Your task
For the listing below, work out how many lines hold the word "Blue" and give that number by itself.

──────── Extracted information ────────

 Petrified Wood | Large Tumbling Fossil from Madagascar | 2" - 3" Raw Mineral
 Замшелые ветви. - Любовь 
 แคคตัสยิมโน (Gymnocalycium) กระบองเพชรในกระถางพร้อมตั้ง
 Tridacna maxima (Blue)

────────
──────── Extracted information ────────

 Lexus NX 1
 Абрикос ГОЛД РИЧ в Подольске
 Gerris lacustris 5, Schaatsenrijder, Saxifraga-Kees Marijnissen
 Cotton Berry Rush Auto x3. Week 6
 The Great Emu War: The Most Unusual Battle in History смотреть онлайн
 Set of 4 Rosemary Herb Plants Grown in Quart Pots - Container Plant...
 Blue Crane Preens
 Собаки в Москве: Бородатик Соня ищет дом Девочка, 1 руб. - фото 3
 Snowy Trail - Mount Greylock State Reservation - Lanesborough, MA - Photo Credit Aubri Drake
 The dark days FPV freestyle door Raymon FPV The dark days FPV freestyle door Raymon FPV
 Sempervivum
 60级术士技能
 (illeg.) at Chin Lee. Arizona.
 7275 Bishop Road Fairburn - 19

────────
──────── Extracted information ────────

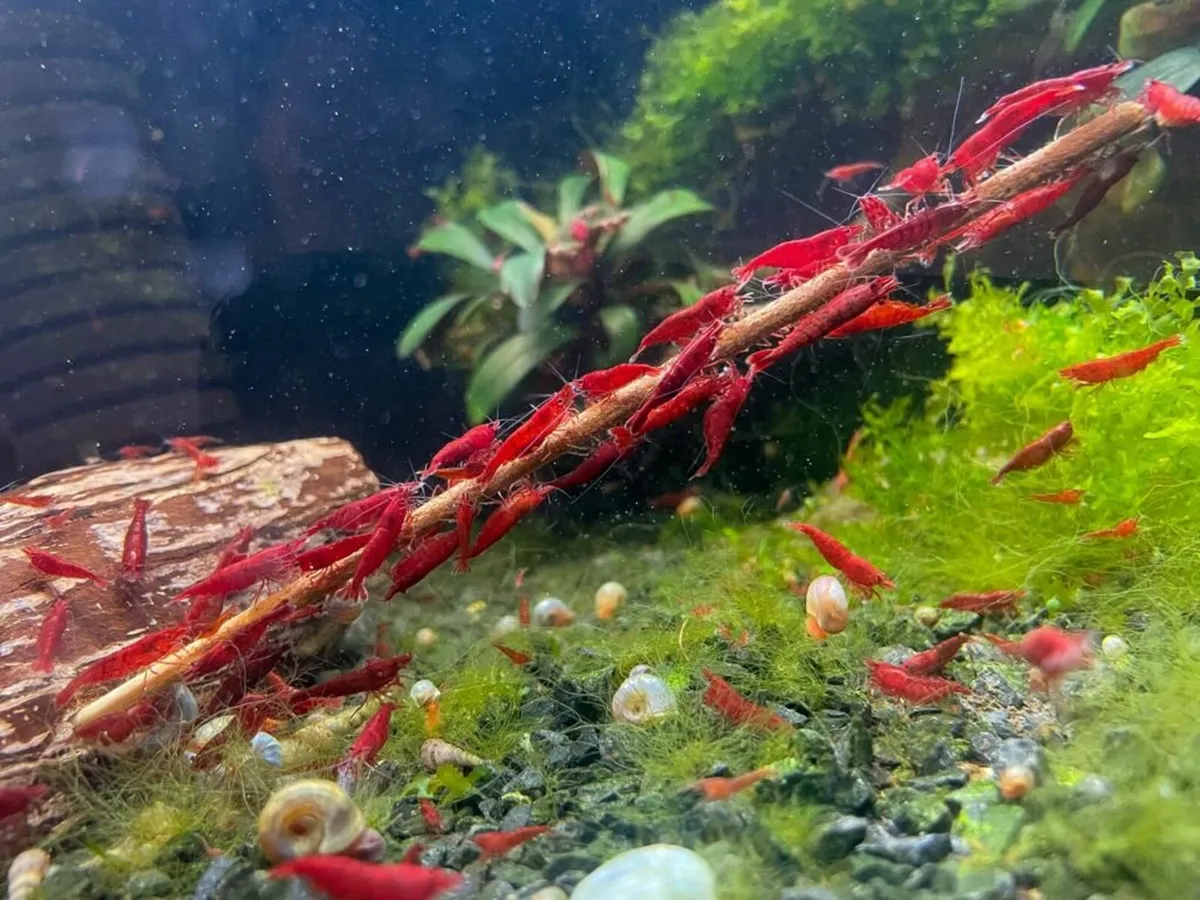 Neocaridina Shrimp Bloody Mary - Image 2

────────

Written answer
2